THE EVOLUTION OF PROVINCIAL FINANCE IN BRITISH INDIA - Page 173

158 DR. BABASAHEB AMBEDKAR : WRITINGS AND SPEECHES

On the transactions of 1881-82 the Government expected to gain £ 470,000 a year. Of this sum, however, it returned to the Central Provinces £ 77,900, for improving the position of the subordinate civil services and other general purposes; to Madras, £ 20,000, for provincial public works; and to the N.W.P. and Oudh, £326,000, of which £ 10,000 was for additional Kanungoes in Oudh, and the remainder, £ 316,000, for a remission of local taxation. Besides these benefactions the Government of India gave for a favourable start to Bengal, £ 285,000; Burma, £20,000; N.W.P., £ 55,000, to be added to their balances before the close of the year 1881-2. These benefactions, which amounted to £ 496,000 a year, were expected to turn the annual gain of £ 470,000 into an annual loss of £ 26,000 to the Imperial exchequer. [1]

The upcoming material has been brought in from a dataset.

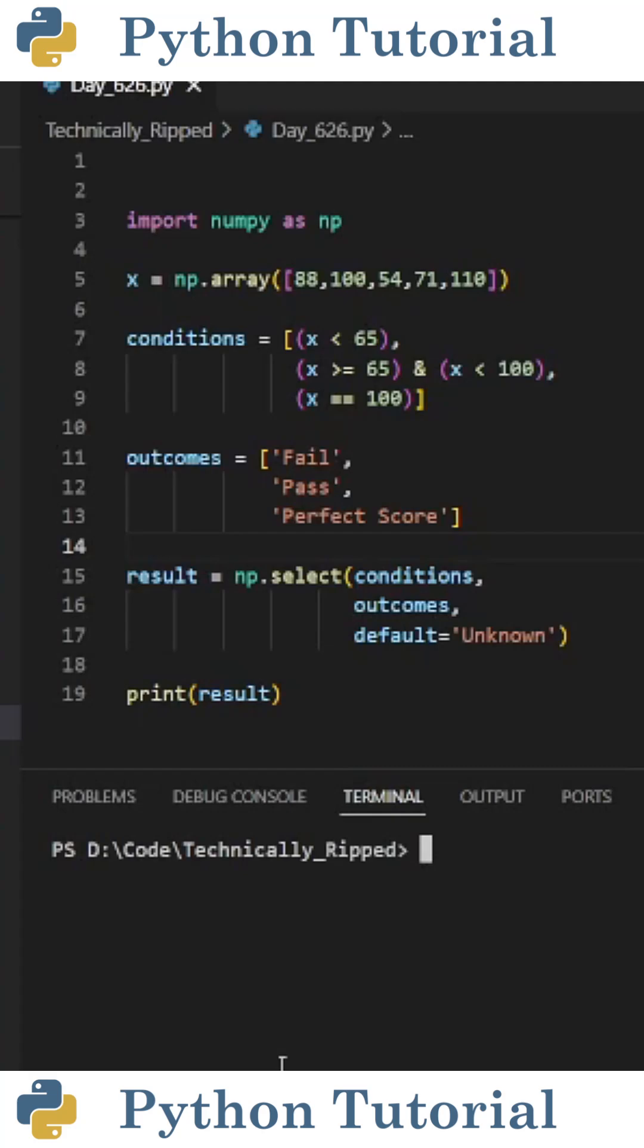Here's how to classify data inside a NumPy array using the select function. For this example, I'm going to classify an array containing test scores.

In this connection it must also be recalled that the Government of India reimbursed the Provincial Governments of the amount of the benevolences it had levied on them in the years 1879-80 and 1880-1. But not long after the revision of

1882 the financial position of the Government of India, which had permitted of such a liberal treatment, suffered a reverse, and the necessity for levying benevolences on the balances of the Provincial governments reappeared in 1886-7. In presenting the financial Statement for that year the Finance Member of the Government of India argued :—

“22. Since the estimates for 1885-6 were presented......

Indian administration and finance have entered on a

new phase. The brief period of rest which the country

had enjoyed since 1882 had drawn to a close...... By the

events of the late years in Central Asia, India finds herself

almost in contact with one of the great European Powers,

and she cannot hope to escape the necessity which the

position imposes on her of increasing her military strength.

Events impending have occurred which have changed, as

it was known they must change, the face of our estimates,

and have thrust us violently out of the peaceful path of

internal progress in which we had hoped to have been

left undisturbed.”

Among the other means employed to weather the storm the Government of India resorted a second time to nibbling at the provincial resources, and gathered a sum of £400,000 in the year

1886-7 by appropriating from their balances the above amount.

1 Financial Statement for 1882-83, p. 15.